- Recorded information
== == ==
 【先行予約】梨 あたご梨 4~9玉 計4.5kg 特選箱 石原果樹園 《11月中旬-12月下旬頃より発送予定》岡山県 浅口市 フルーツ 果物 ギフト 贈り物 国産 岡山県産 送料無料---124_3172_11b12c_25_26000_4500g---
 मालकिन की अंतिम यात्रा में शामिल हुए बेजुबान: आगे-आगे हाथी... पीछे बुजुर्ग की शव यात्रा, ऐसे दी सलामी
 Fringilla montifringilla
== == ==
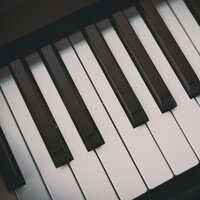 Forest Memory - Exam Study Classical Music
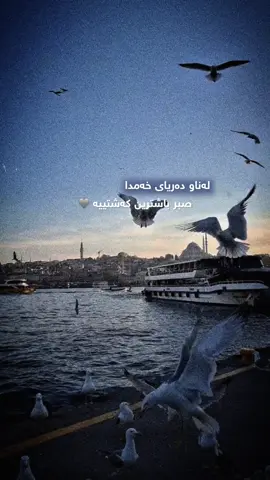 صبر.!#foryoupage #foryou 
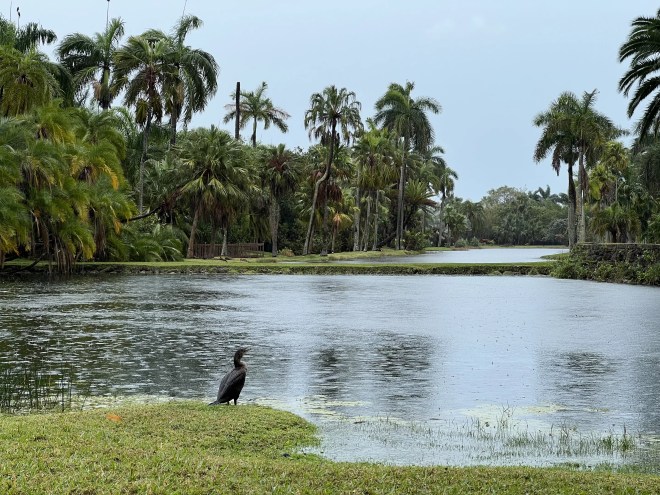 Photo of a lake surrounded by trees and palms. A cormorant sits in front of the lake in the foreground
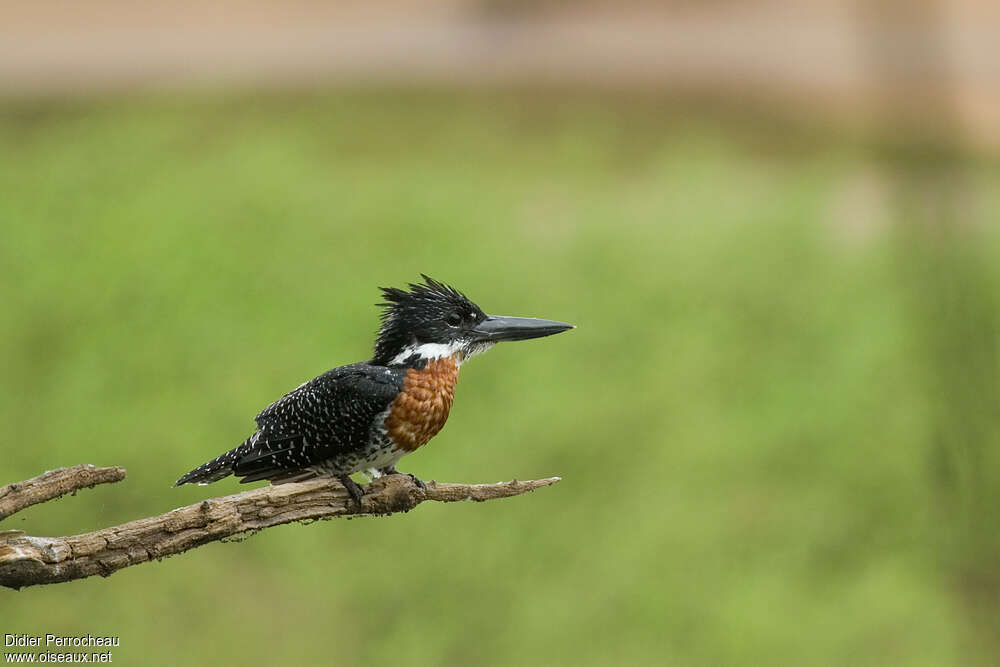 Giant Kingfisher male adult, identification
== == ==
- Your goal
Give exactly the lines above that run from the line with "Forest Memory - Exam Study Classical Music" to the line with "Giant Kingfisher male adult, identification", both included, leaving every picture out.

- Your solution
 Forest Memory - Exam Study Classical Music
 صبر.!#foryoupage #foryou 
 Photo of a lake surrounded by trees and palms. A cormorant sits in front of the lake in the foreground
 Giant Kingfisher male adult, identification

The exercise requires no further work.